Nouvelles : Manuscrit trouvé dans une île, Crès, 1913 ; Quarantième étage, N. R. F., 1927 ; Lignes de vie, Flammarion, 1930 ; Corps féminins, Minh, Maïa, Meg, Moune, Minnie, Marcelle, Flammarion, 1941 ; Histoires fantastiques pour les jeunes et les vieux, Flammarion, 1942.
Récits de voyage : L’autre Europe, Moscou et sa foi, N. R. F., 1928 ; Baltique, Hazan, 1928 ; Quelques notes d’U.S.A., Lemarget, 1928 ; Dieux blancs, hommes jaunes, Flammarion, 1930 ; Vers la ville, kilomètre 3 [sur l’Amérique du Sud], Flammarion, 1933 ; Le globe sous le bras, Flammarion, 1936.
Critiques : Georges Duhamel, A. Monnier, 1920 ; Face à face ou Le poète et toi, A. Monnier, 1921 ; Frans Masereel, avec 115 reproductions, Pierre Worms, 1931 ; D’homme à homme, Flammarion, 1932.
EXTRAITS
Nique, mille, pal, bal, boude, ding.
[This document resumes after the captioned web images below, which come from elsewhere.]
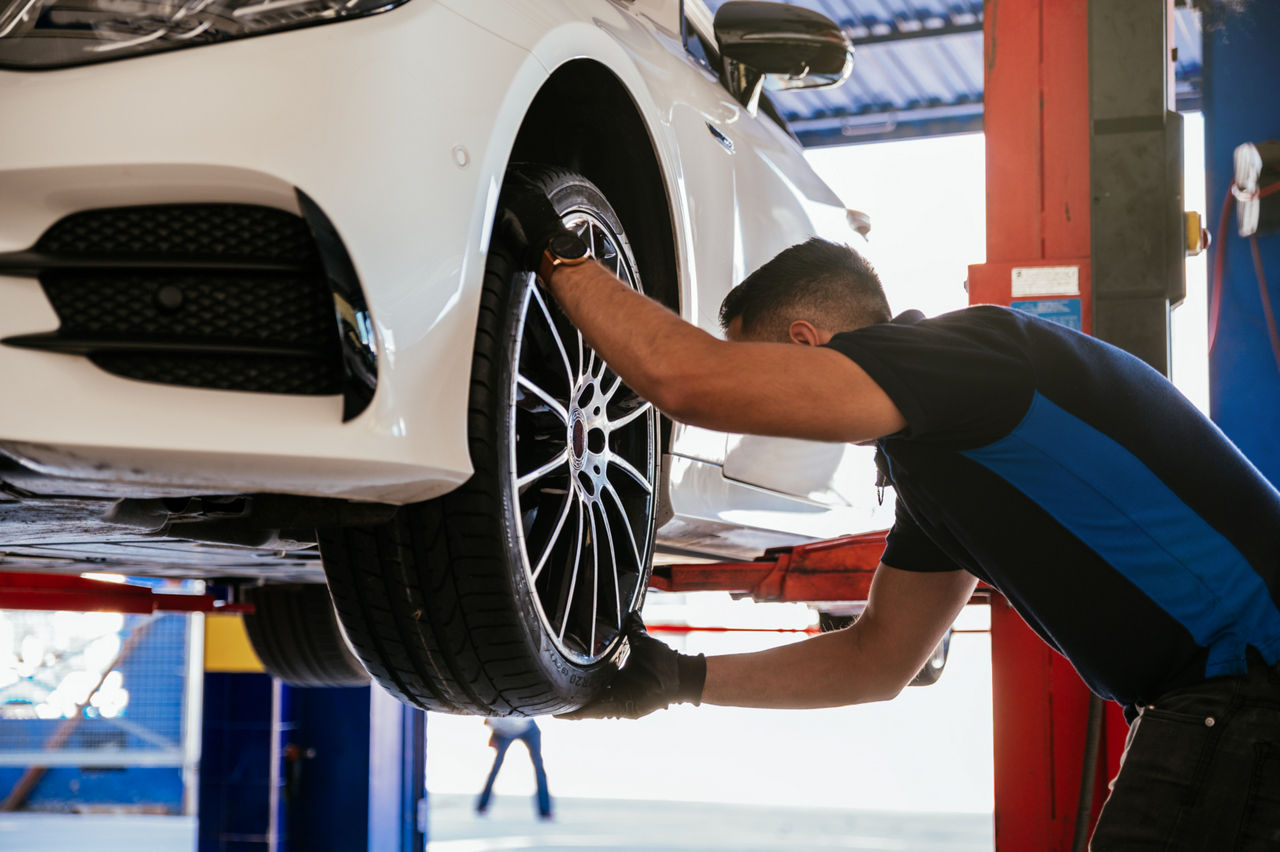 mechanic replacing a tire on a car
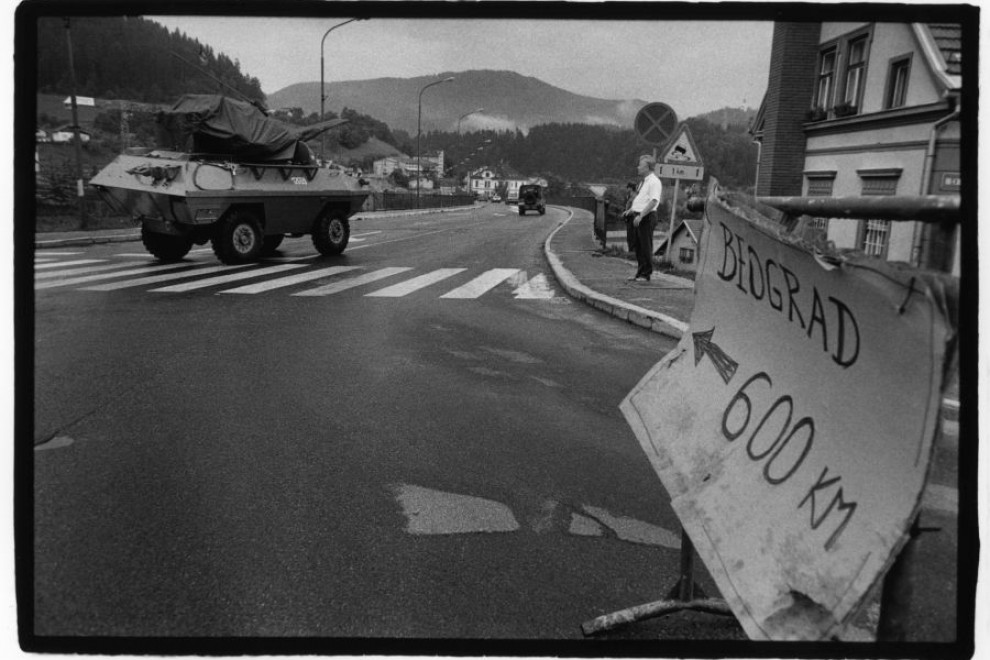 Tank na cesti, narisana tabla z napisom Beograd 600 km in s puščico.
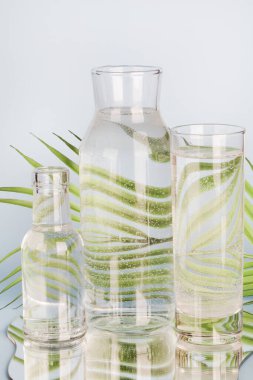 Palmiye yaprağı, cam içinde su ve mavi arka planda ayna olan şişeler içinde bozulur. Ev dekorasyonu, çevre dostu, saf su, bahçe konsepti..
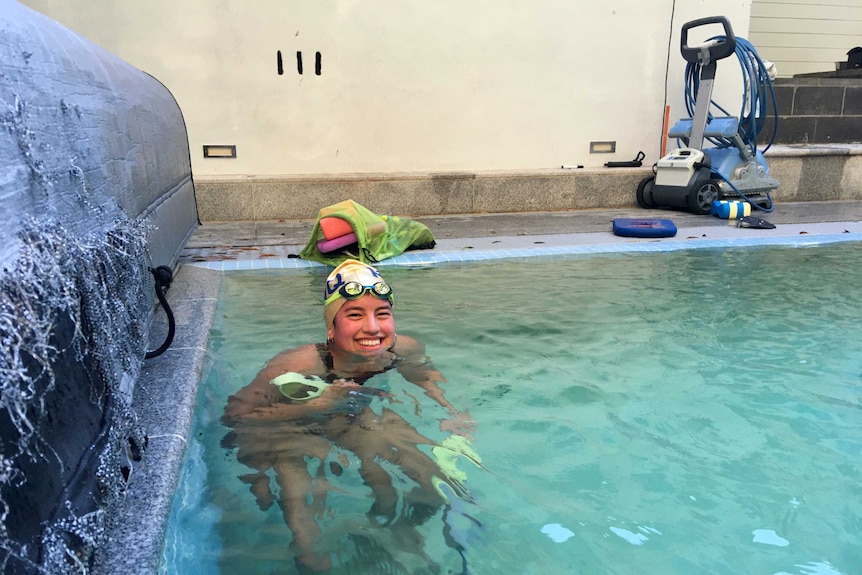 Kimberly in a swimming pool.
Haricot, harmoste, haro, h’arrêtez l’eau ! Qu’il y a-t’il ? Pe-tit à pe-tit l’oi-seau fait son nid : formidablement, Himalaya. Globe terrestre, coupoles, ceintures, nombrils, plénitude, soyez tous ronds ! Volez ensemble, vents, bateaux, fleuves, trains, tarentass, balles ! Bailler comme huître, rire comme baleine, pleurer comme veau, bander comme cerf, malin comme singe. Pisser dans hygiéniques pissoires d’ardoises, dans verres à réactifs (mettre lunettes, puis : « Ô Couleurs, renseignez-moi ! »), dans lits, culottes, violons, soupières, etc…
L’étape nécessaire, Flammarion, 1938, p. 181.
– L’ordre social, poursuivit-il, est intéressé à ce que la fortune ne passe de mains en mains que selon certains rites, d’ailleurs si absurdes que le hasard, auquel, m’avez-vous confié, vous devez votre fortune, est la forme peut-être la moins déraisonnable de ces derniers. Sûrement la seule innocente. […]
En vérité, il recevait pour la seconde fois sa fortune. Il avait toujours, en effet, au fond de lui-même, intimement regardé sa richesse comme inférieure aux autres espèces de fortune, celles du gain, de l’héritage, de la spéculation. Il se croyait au-dessous des anciens riches. Or, il venait soudain de découvrir qu’il était, au contraire, le riche idéal – moralement égal à un pauvre – le riche de hasard, seul irresponsable de sa fortune.
Douze cent mille, N. R. F., 1922, p. 162-163.